One of the other reasons we were out and about on this Sunday was to get the dive tanks refilled after my shore diving in Burgeaux Bay. There must be a law against running compressors on Sundays on SXM since none of the dive shops we tried were open. This makes it difficult to get a dive tank refilled. Blowing into it won’t work. If you could physically hang on to the tank, you could take the valve out and hold it up behind a departing Airbus (to overfill it) or a 757 (for a standard fill) but the air might not be as pure as you’d like it. This was the first place I’d ever been that advertised scuba diving as one of its attractions but didn’t have an open dive shop where you could get tanks refilled on any given day. I’m sure there might have been shops open, perhaps on the “French” side but we hadn’t, as yet, made it there. So we confined ourselves to the quest for basic tools and answers to our questions on the “pulse” of the place. We had to find an area that didn’t look like a scene from the movie “3:10 to Yuma”. Where would we find the “action” that one associates with this paradise?

I know! We’ll drive to the big city of Philipsburg. Everything will be open there. It’s the main city of the island (much to the disgust of the French). Let’s go… We head off through the sleepy little Simpson Bay driving using the TTOL-provided navigation instructions “You can’t get lost. There’s only one road.” One road? If this is one road it sure wasn’t built very well. There are bits of it heading off in all directions. At times it’s hard to know whether you’re travelling on what would be considered the “one” road, or if you’ve ventured onto a tributary feeding a small backwater community. At least there are detailed road signs everywhere. Sint Maarten doesn’t use many of the internationally recognized road symbols and signage though. They have a unique way of providing instant recognition for directions. On-island, they simply announce your location by pointing the way to jewelry stores. I’m not kidding. We observed hundreds of what appeared to be road signs that are made up of tall groups of advertisements pointing the way to various jewelry stores “Acme Diamonds – this way”, “BuyALot Gems – that way”. We’d never seen anything like it. And it wasn’t as though there were signs for all kinds of shops, either. It was mostly jewelry. And you can actually navigate using these just like you would with “normal” directions. Instead of “Schenectedy – 17 Miles”, you have “Om Jewelers”. You follow the signs to “Om”, hang a left at “Gemsland” and continue on to “Zhavieri”. It’s easy. When you’re next on the island, toss your regular map into the back seat and actually try driving to a favorite restaurant or beach attraction using only the jewelry signage. You’ll be amazed at the results. You’ll all be able to laugh about it later.

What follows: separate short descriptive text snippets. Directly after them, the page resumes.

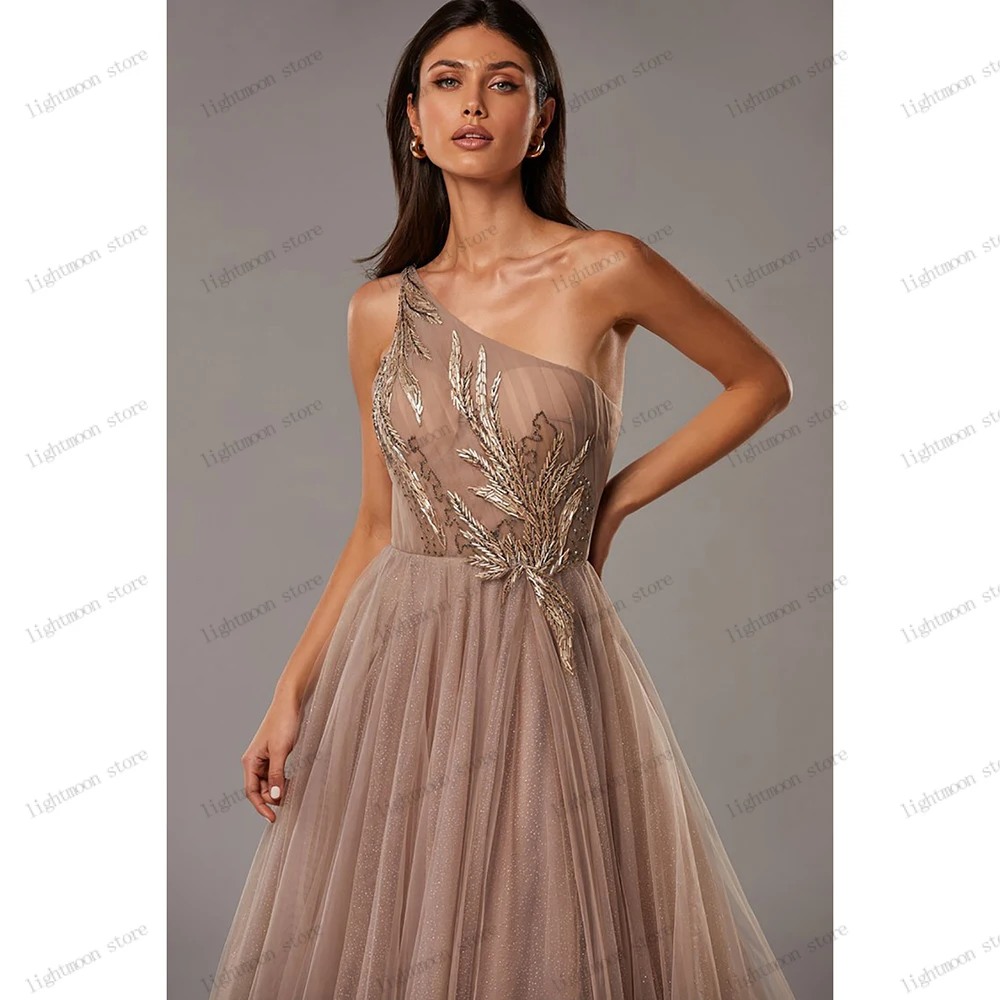 Klassische Abendkleider für Frauen 2024 One Shoulder Roben Tüll abgestuftes Ballkleid ärmellose rücken freie elegante Vestidos de Noche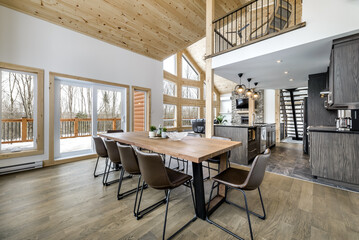 Winter cottages in remote area Quebec, Canada, log house with sauna, SPA, bedrooms, pool, living room, messanine, kitchen and bathrooms
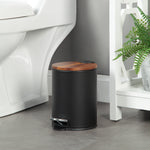 Round Trash Can with Acacia Lid, 0.8 Gal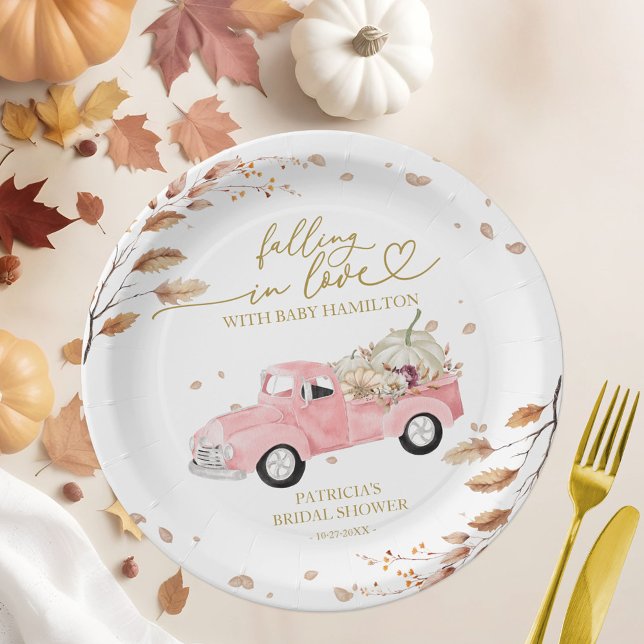 Falling In Love Pumpkin Fall Baby Shower Paper Plate (Creator Uploaded)
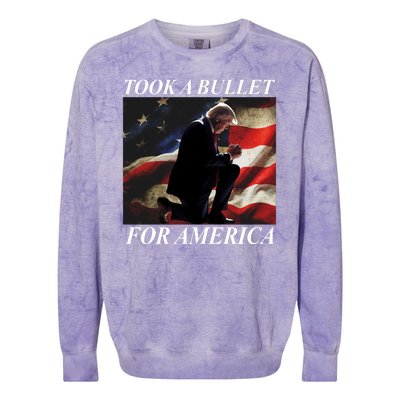 Took A Bullet For America Donald Trump Usa Colorblast Crewneck Sweatshirt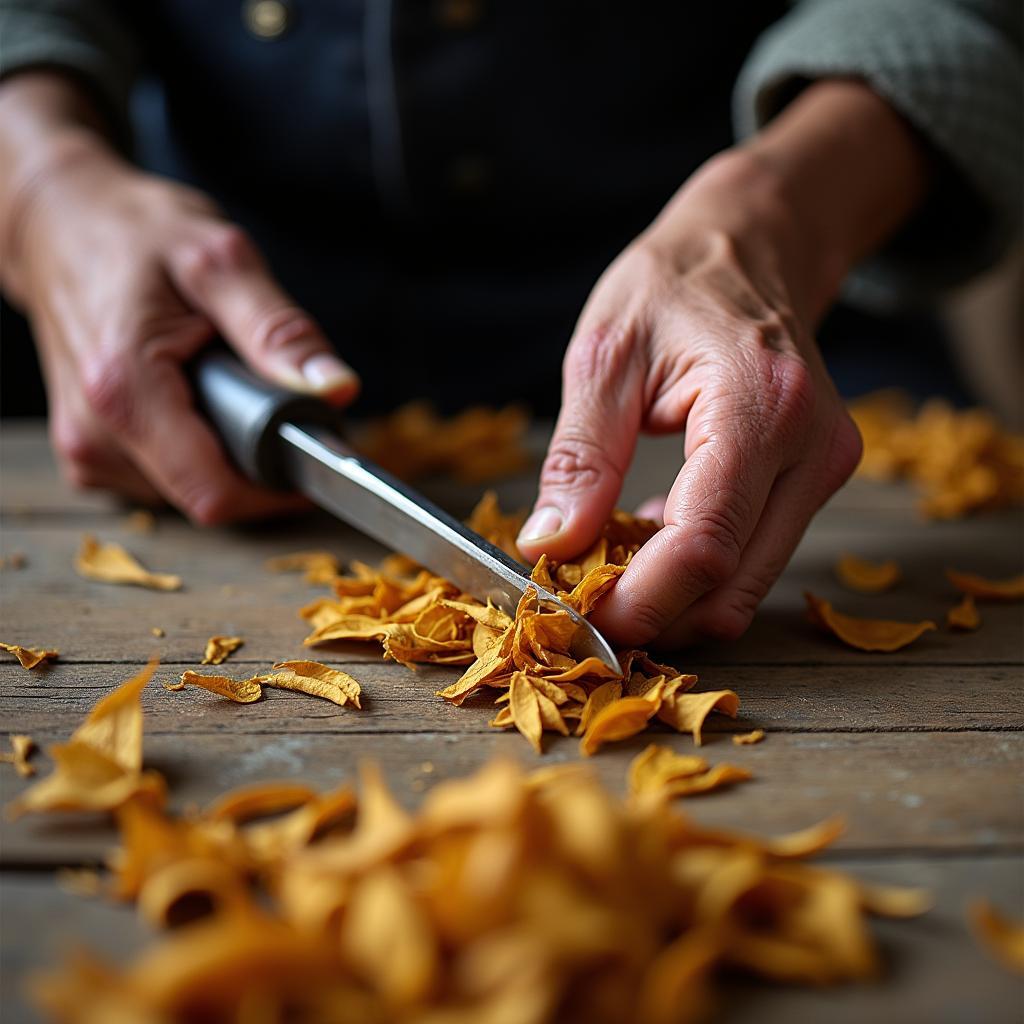 Cận cảnh bàn tay người nghệ nhân đang thái thủ công những sợi thuốc lào Thanh Hóa đều tăm tắp, một công đoạn quan trọng làm nên đặc sản.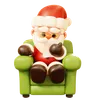 Santa Claus with Checking List Sitting on Armchair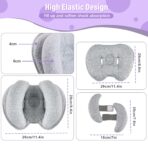 Upgraded 2 in 1 Baby Travel Pillow, Adjustable Straps, Banana Shape Baby Neck Head Support Pillow Stroller Insert Cushion for 4 Months Up Kids, Toddler Grey - Image 3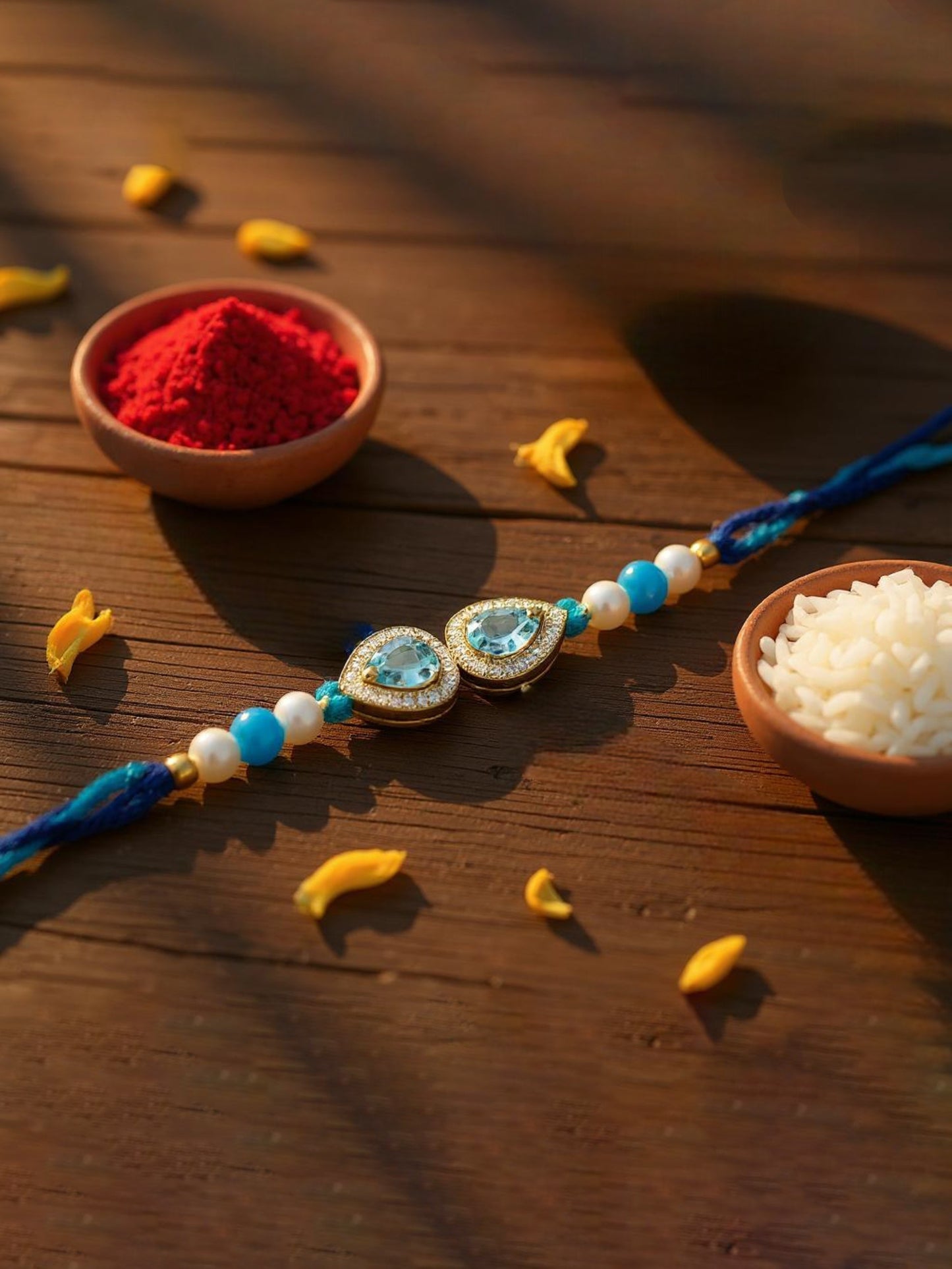 Lucky Jewellery Designer Turquoise Color Stone Rakhi - Rakshabandhan Pearl Rakhee Bracelet for Brother/Bhaiya/Bhai/Bhabhi - Pack of 1 (176-CHR1-1279-FB-1)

People will, of course, try to convince you that road signs are useless on SXM since there is only one principal road and they will assure you that it is almost impossible to get lost. This is a farce since we managed to get lost twice and I’ve navigated small boats across large seas (always managing to reach my intended destination) and I have a pretty good sense of direction. We ended up driving down a back road one day when I foolishly followed a road sign that said “Simpson Bay – Airport”. It was on the road from Cole Bay to Simpson Bay a little past the Grand Marche supermarket. I should have followed the sign that said “BrightStone Jewels” since that seems to be Papiementu for “Simpson Bay – Airport”. On another day we came across a road sign that said “Orient Bay Beach Club”, with an arrow pointing to the right. We took it, like the idiots we were, thinking that this road would take us to Orient Bay Beach Club and we discovered a residential area that provided no access to the beach. We only got out of there by following a vehicle with a sign on it that said “Come to Jesus” since we figured we might as well get to know Him if we were destined to die on sint Maarten simply because we don’t buy jewelry. We should, of course, have turned at the “Crystal-Lustre Gems and Watches – This way” sign but again, we didn’t have our English to SXM dictionary with us and didn’t realize that this is the sign that actually says “Orient Bay Beach Club”. Perhaps if we’d been driving naked we would have gravitated to it. Maybe there’s some kind of strange and ancient navigation method that the earliest travelers used simply by following the course indicated by their extended genitals. After all, some would say that most men follow directions this way. Perhaps those ancient Polynesians actually managed to navigate the Pacific simply by charting the course of their erections. That would be awfully hard to write up in a history book, though, and I guess that’s why school children are told that these mariners “followed wave patterns and used the sky”. In our case, we weren’t driving naked and if I had needed to undo my shorts and expose my genitals in order to get directions I might have killed us both. It would have made for a pretty interesting scene for the ambulance folks though. Anyway, we chose to follow the few road signs that weren’t jewelry ads. Our mistake.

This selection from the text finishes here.